**PROBLEM TO SOLVE**
Drop the pictures and repeat exactly from the "Grande Horloge Ronde" line down to the last line of the entries below.

---- RECORD SET

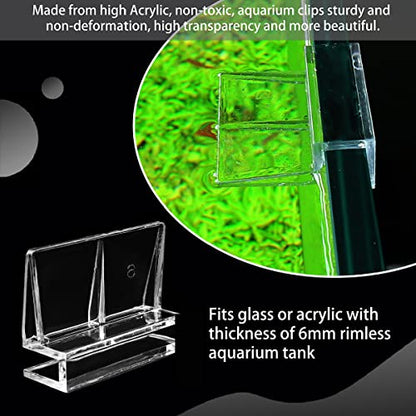 16 PCS 6mm Acrylic Aquarium Cover Clip, Clear Fish Tank Glass Cover Clip Support Holder Universal Lid Clips for Rimless Aquariums | Fish Tank Glass Cover Clip, Support Holder, Universal Lid Clips, For Rimless Aquariums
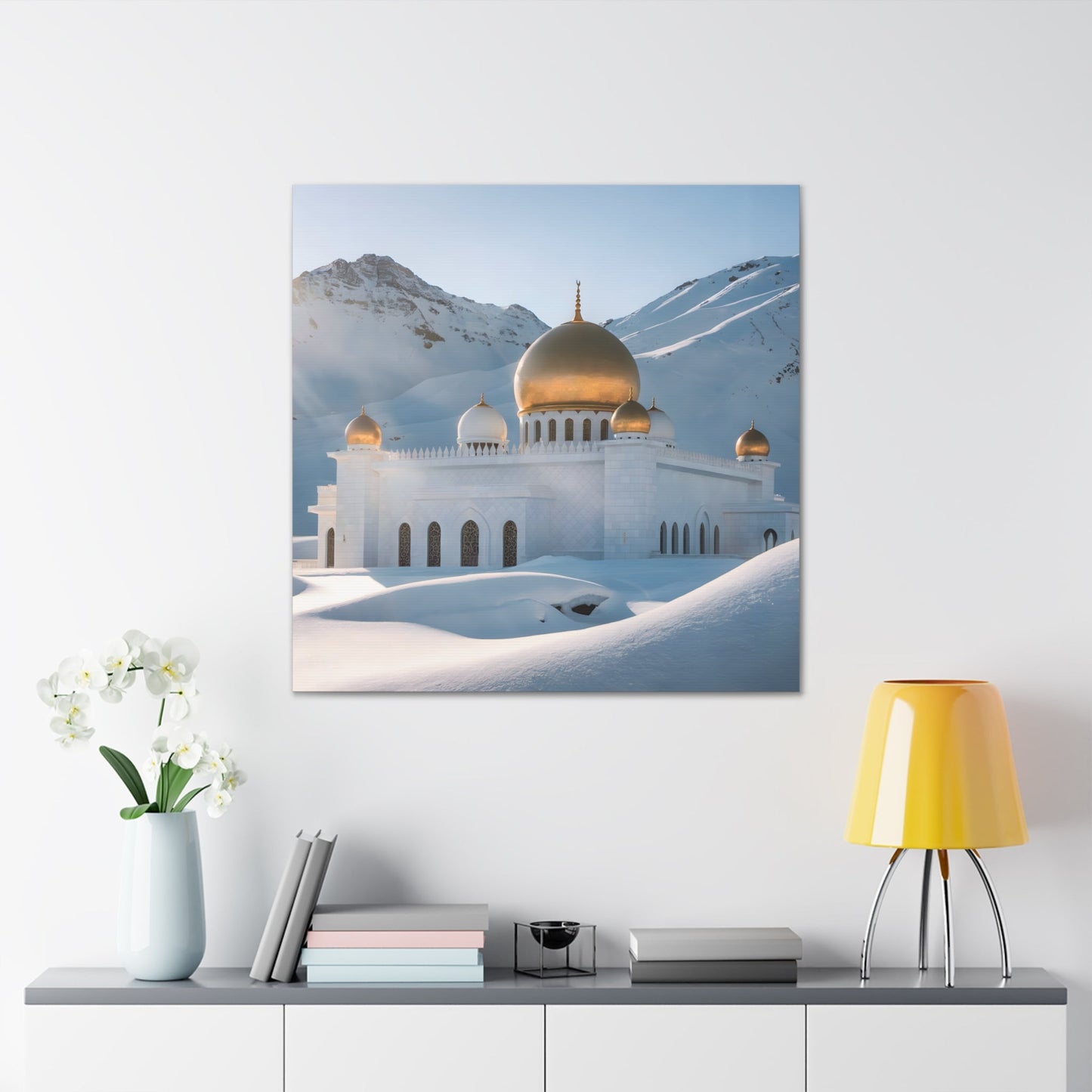 Ethereal Sanctuary: Majestic White Mosque with Golden Domes - Landscape Photography Art Arab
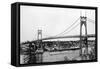 Portland, OR View of St. John Bridge over Columbia Photograph - Portland, OR-Lantern Press-Framed Stretched Canvas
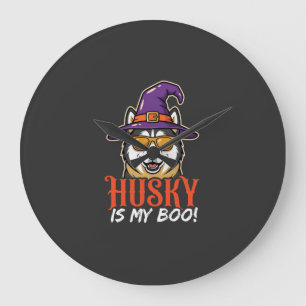 Grande Horloge Ronde Chapeau De Sorcière De Mon Boo Husky D'Halloween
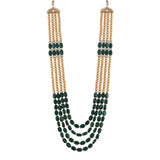 I Jewels 4 Layered Traditional Gold Plated Dulha Moti Mala with Beads Maharaja Haar/Groom Necklace for Men (MLP37G)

--------

**EXERCISE RESULT**
 Grande Horloge Ronde Chapeau De Sorcière De Mon Boo Husky D'Halloween
 I Jewels 4 Layered Traditional Gold Plated Dulha Moti Mala with Beads Maharaja Haar/Groom Necklace for Men (MLP37G)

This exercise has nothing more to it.